## Material provided
_ _ _

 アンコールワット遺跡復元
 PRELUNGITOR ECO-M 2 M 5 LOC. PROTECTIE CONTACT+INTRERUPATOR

_ _ _

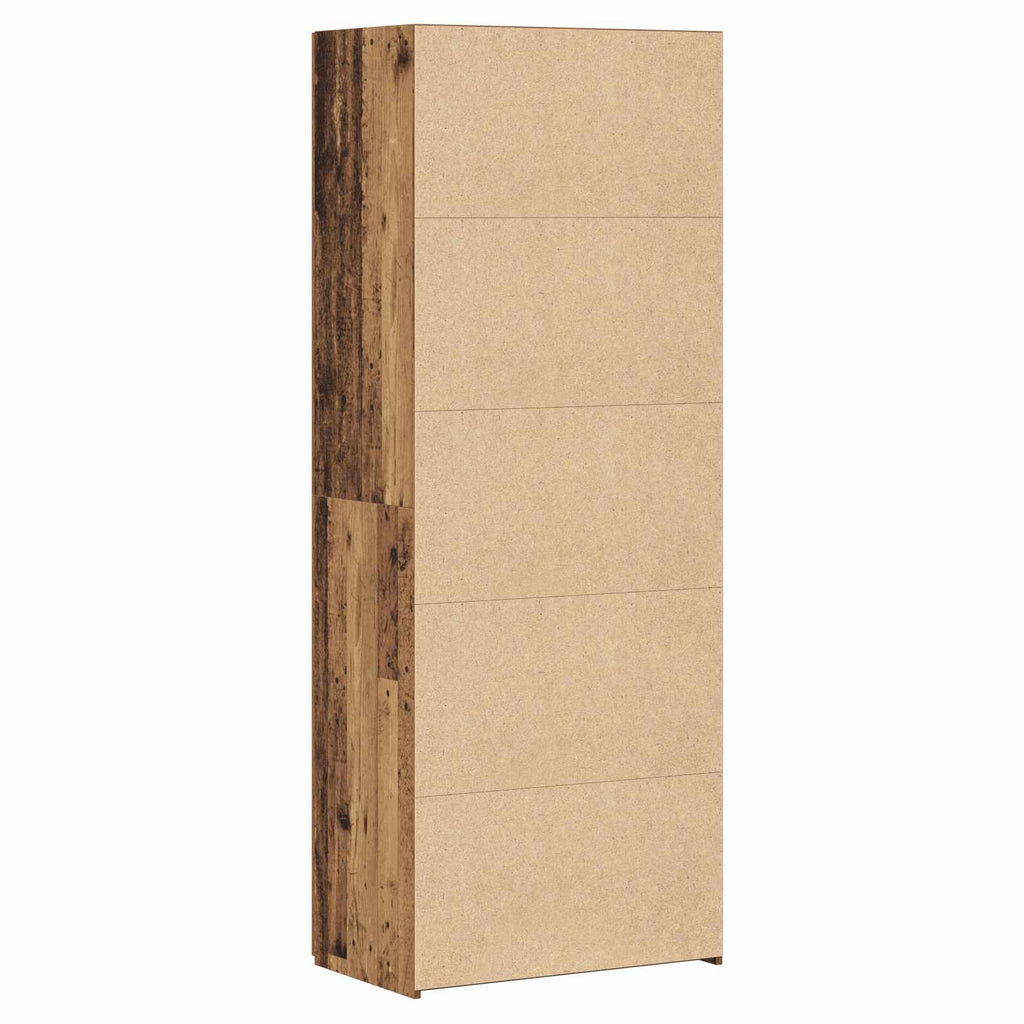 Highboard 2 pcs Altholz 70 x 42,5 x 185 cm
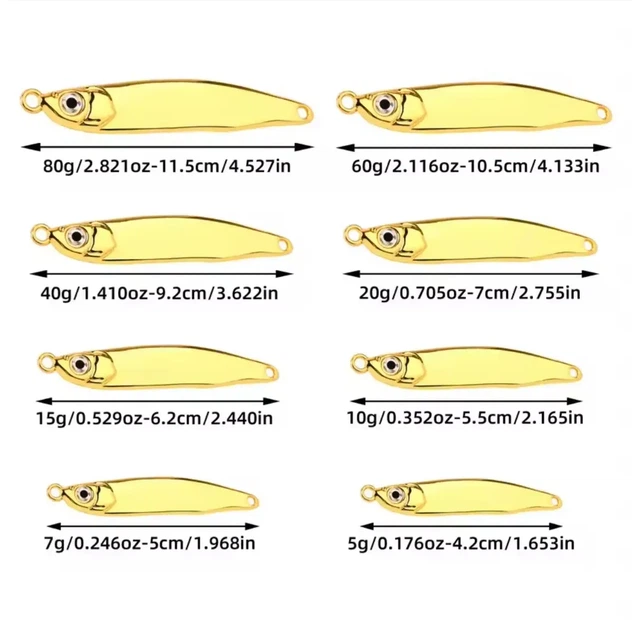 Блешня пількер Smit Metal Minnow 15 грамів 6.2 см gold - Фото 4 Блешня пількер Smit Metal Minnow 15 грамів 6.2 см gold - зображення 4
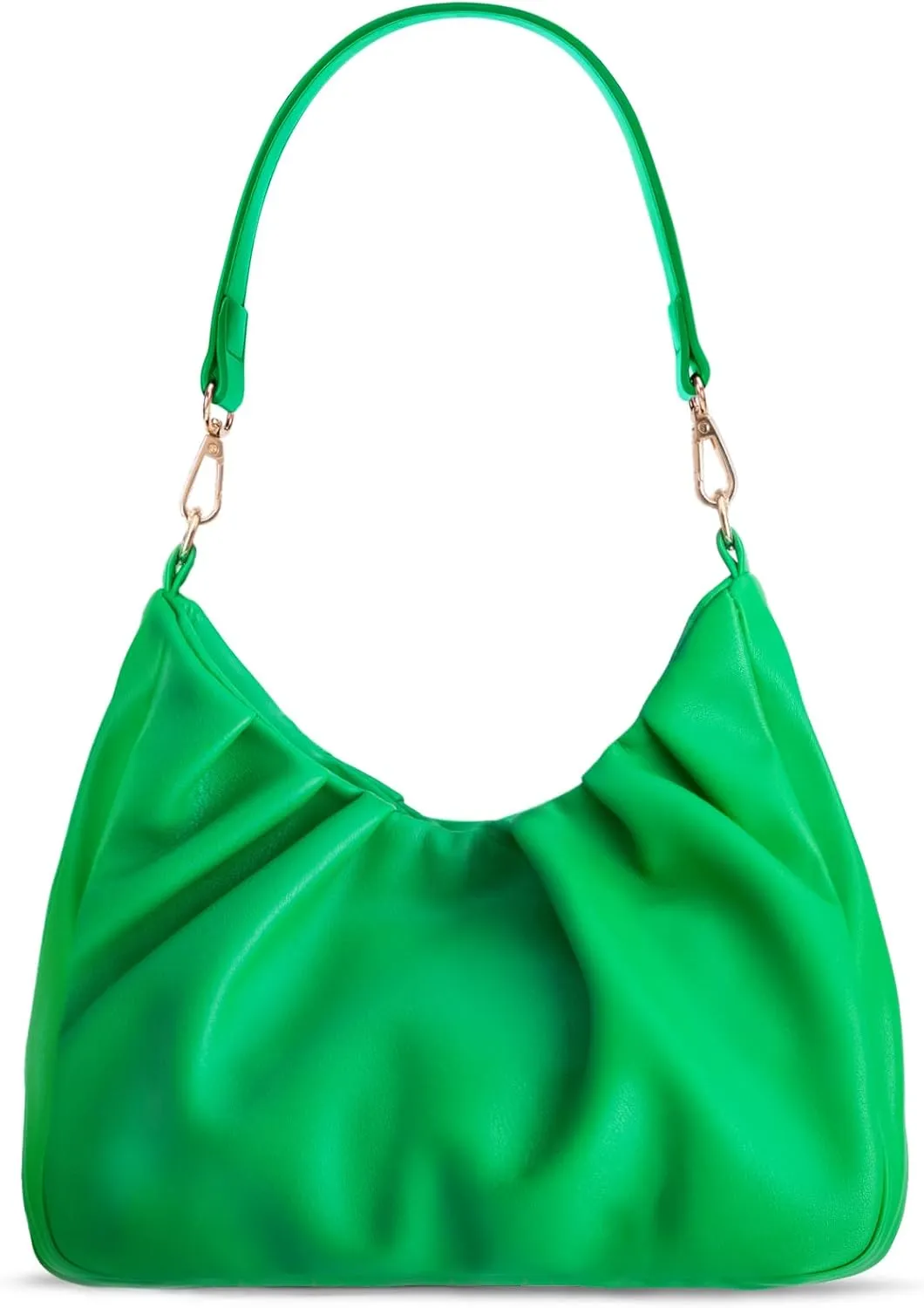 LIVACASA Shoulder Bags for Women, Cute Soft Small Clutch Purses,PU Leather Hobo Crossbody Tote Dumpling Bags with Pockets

_ _ _

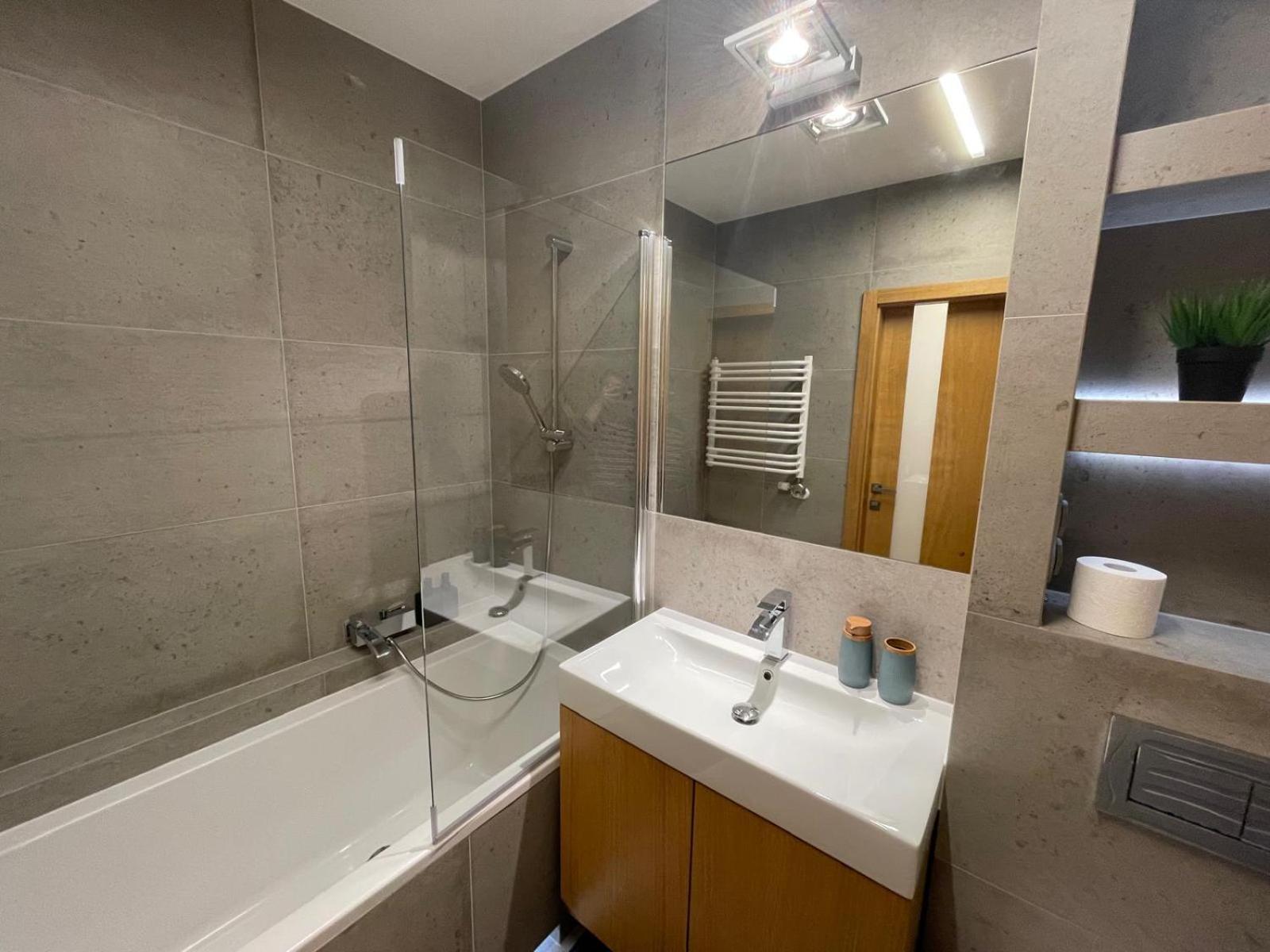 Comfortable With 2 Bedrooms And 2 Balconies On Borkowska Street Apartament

_ _ _

## Your task
Write down exactly what the lines above say, from the line holding "Highboard 2 pcs Altholz 70 x 42,5 x 185 cm" through the line holding "LIVACASA Shoulder Bags", and nothing more. Do not copy the pictures.

## Answer to this problem
 Highboard 2 pcs Altholz 70 x 42,5 x 185 cm
 Блешня пількер Smit Metal Minnow 15 грамів 6.2 см gold - Фото 4 Блешня пількер Smit Metal Minnow 15 грамів 6.2 см gold - зображення 4
 LIVACASA Shoulder Bags for Women, Cute Soft Small Clutch Purses,PU Leather Hobo Crossbody Tote Dumpling Bags with Pockets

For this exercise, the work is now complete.